The TelegraphMonday September 7 2020

Front Bench

 
Good morning. The Prime Minister will say today that if a Brexit deal can't be done by October 15, both sides will walk away. Yet do leaked legislation plans suggest he's already given up on a deal?

Johnson sets own Brexit deadline as UK threatens to renege on Withdrawal Agreement

Asa BennettBy Daniel Capurro,
Front Bench Editor
Brexit is firmly back on the agenda. Today Boris Johnson will declare an October 15 deadline for reaching an agreement on a trade deal with Brussels. The Prime Minister will release a pre-recorded statement saying that if the deadline is not met: “then I do not see that there will be a free trade agreement between us, and we should both accept that and move on."

It’s not entirely a deadline of Johnson’s own making. The EU has already made clear in private that October is the real cut-off point for a deal, despite the transition period running until December 31, because of the long ratification process involving Europe’s parliaments.

The PM’s comments follow on from those made by Dominic Raab, the Foreign Secretary, and David Frost, the UK’s chief Brexit negotiator, yesterday.

– Tear it all up –

The biggest sign yet that Britain is ramping up the pressure on Brussels, however, is the news that London plans to undermine the Northern Ireland Protocol of the Withdrawal Agreement, which aimed to resolve the border question. The Withdrawal Agreement was signed last year ahead of the general election and avoided a no-deal exit at the time.

The story, first reported by the Financial Times and since corroborated, is that the Government plans to use the upcoming bill on the UK internal single market to override key provisions of the Protocol covering state aid in Northern Ireland and the need for customs paperwork on goods shipped to Great Britain. The Finance Bill, which makes the Budget law, is then expected to be used to undermine tariff provisions.

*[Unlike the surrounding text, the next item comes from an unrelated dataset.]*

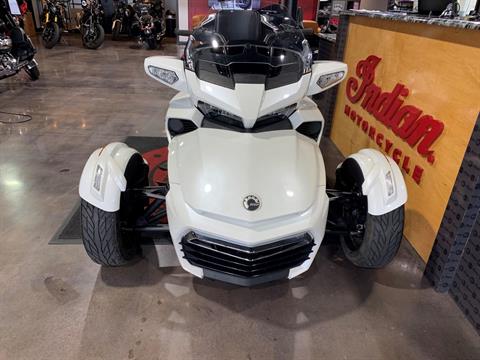 2018 Can-Am Spyder F3 Limited in Wilmington, Delaware - Photo 4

If the UK were to go ahead with the plans, it would make any agreement with the EU impossible.

– Is it a bluff? –

It would be a fairly bold act to repudiate an international treaty and one signed less than 12 months ago by this very PM. So what’s going on? Brexit policy is run so tightly and secretively from the very centre of the Government that it is hard to do anything other than speculate as to their intentions. Still, there are a few factors to consider.

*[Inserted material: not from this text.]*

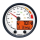 Acewell Digitalinstrument mit Zeiger für Tachometer 210 Km h GH schwarz ZB weiß ACE MA085214ASW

First of all, the EU has been confident at every stage since 2016 that Britain would suffer far worse in a no-deal scenario. The one major caveat was the Irish border, but with that issue neutralised by the Withdrawal Agreement and the UK targeting a far weaker level of economic integration, Brussels’ incentive to do a deal has greatly diminished. Threatening to rip up the Northern Ireland Protocol changes that calculation.

Another possibility is that there is no great strategic gamble at play and this is simply a policy choice. State aid is clearly of growing importance to Dominic Cummings and his hopes of a high-tech economic revolution. Meanwhile, there were hints earlier this year that Johnson & Co didn’t yet grasp how much they had already signed away on Northern Ireland. If no deal is now the most likely outcome, they may simply see the Protocol as a price not worth paying.

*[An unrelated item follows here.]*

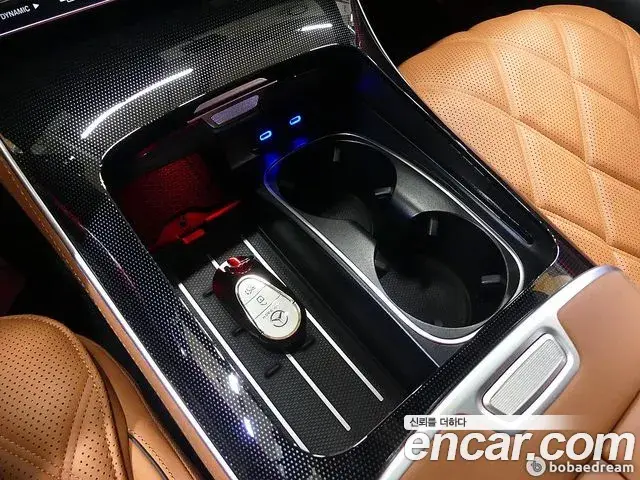 Mercedes-Benz S-Class 2023 — ფოტო 11/20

– More than a little drastic –

Yet there are reasons to doubt how sincere the threat is. Even in the bleakest moments of the Brexit negotiations, only the most hardcore of Brexiteers were advocating signing a deal and then ripping it up.

For Brexit to be a success, the UK will need to sign a number of international agreements, while “Global Britain” and the UK’s long-standing position as a guarantor of the international rules-based order rely on its staunch defence of treaties. Take Hong Kong and the Sino-British Joint Declaration, for example.

Reneging on the Withdrawal Agreement risks undermining all of that.

– The Last PM of Scotland –

It also strikes directly at the greatest fear that has often animated Tory opposition to no deal – the Union. The idea of a no-deal exit is intensely unpopular in Scotland, so to be seen to deliberately pursue it could be catastrophic for hopes of avoiding Scottish independence. That’s a line Labour will push hard this week.

Right now it’s hard to say which route Downing Street is targeting and Johnson and Cummings have shown a willingness to U-turn dramatically in negotiations with Europe before. But, as it stands, a deal looks very, very unlikely.